Oct 29
As a young man growing up, I followed many sports stars – Kevin Keegan, Kenny Dalgish, Michael Jordan and Scottie Pippen, but my sporting inspiration was Zinedine Zidane. He was so naturally gifted and so intelligent with the ball. This week, I found inspiration not with footballers, but at youngsters no more than 18 years old who won the apprentice of the year awards at the Zenos annual conference, where I also had the pleasure of presenting my view on the ‘Evolution of IT, Jobs and Learning’.
Zenos is a quite amazing company. 400 staff, mostly young and very dynamic, but what really stands out is the camaraderie, the culture and the ethos that drives this team of people led by Jason Moss and his management team. They live to help the next generation acquire the skills that will set them on the road to a new chapter in their lives, a career IT.
I selected Ashleigh Carr as the Zenos-CompTIA apprentice of the year. He is 18 years-old. He has Crohn’s disease. Our CompTIA A+ certification helped him find himself and a job at the Royal Bank of Scotland in IT Support. Most of 400+ audience were in tears as I presented the award to him (and we gave Ashleigh a 3D LED TV as a cool gift to go along with his award). We must never forget, this is why we exist, helping Ashleigh and others like him to get a job and make progress in the world of technology.
I will always love football, basketball and most other sports, and I will always enjoy watching the best talent grace our stadia. But this week has taught me that our inspiration comes from these youngsters, who overcome adversity to achieve results and aim high, and get the jobs they apply for. If that is our future, there is hope. Presenting at Zenos this week, and handing out this award, was my finest hour at CompTIA. Thank you Jason, Claire, Nicky, Richard and all the fantastic Zenos team.
Jul 29

I was closely watching the exchange in the US over the debt issues and President Obama supported the Gang of Six plan to reduce trillions of debt over 10 years. In a news debate on TV, the panelists claimed it was led by somebody with whom the President had a close relationship over the years. No surprise.
Now apply this to technology and to every walk of life. Despite the new platforms and tools now at our disposal, doesn’t business still get done when people make a connection with each other and find a situation that benefits both parties? Hasn’t it always been the case, and will it not always be that way? I think so.
I do enjoy the US – such good service and huge choice of everything you care to buy. Little wonder that so much innovation stems from there.
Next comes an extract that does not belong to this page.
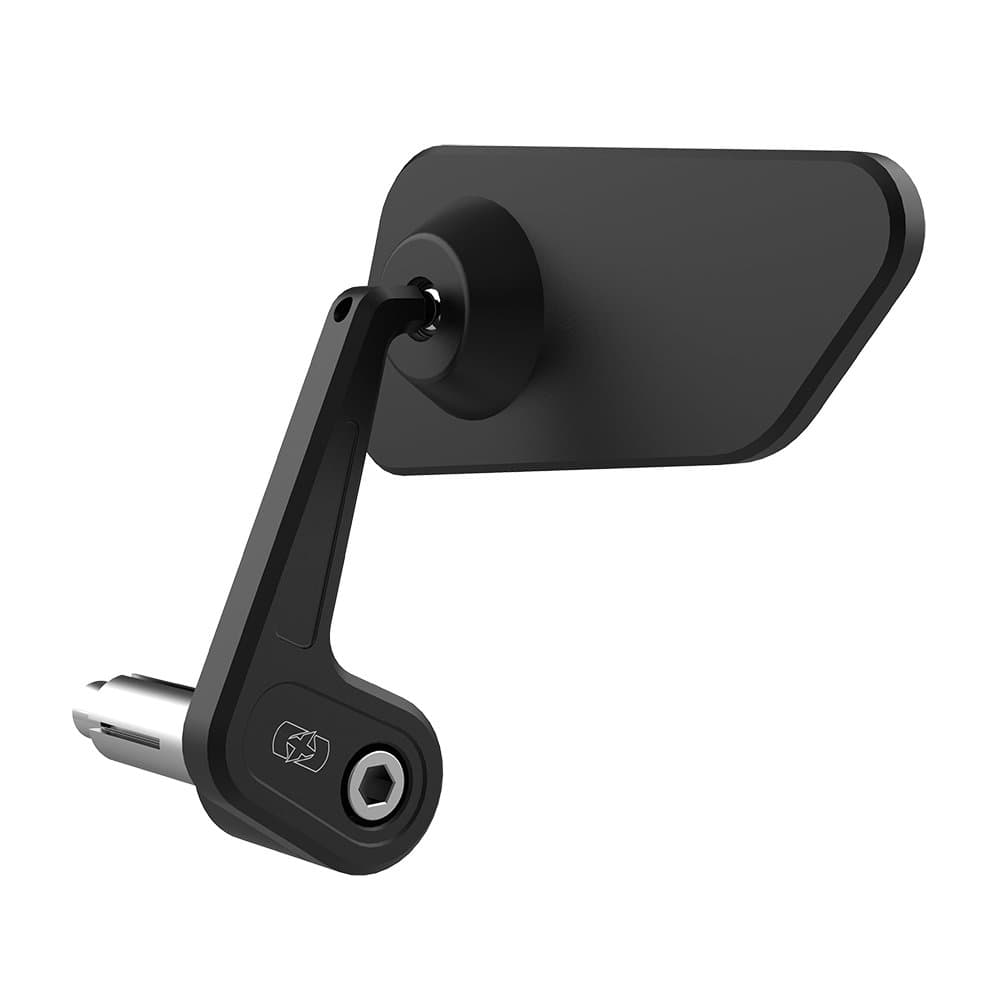 HORIZON BAR END MIRROR LEFT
It seems to have this knack of combining ideas and people to create some of the most innovative and forward thinking applications of technology.
Look at the image above. In a Brookstone store, I found this cushion; it was a remote control embedded within the softest material. Tacky in some respects, ingenious in others, but it sells! The US has such a willingness to try things, to embrace failure as a step in the right direction; as one leading author claimed, “By failing in a project or task, that is one less mistake that can’t happen next time.”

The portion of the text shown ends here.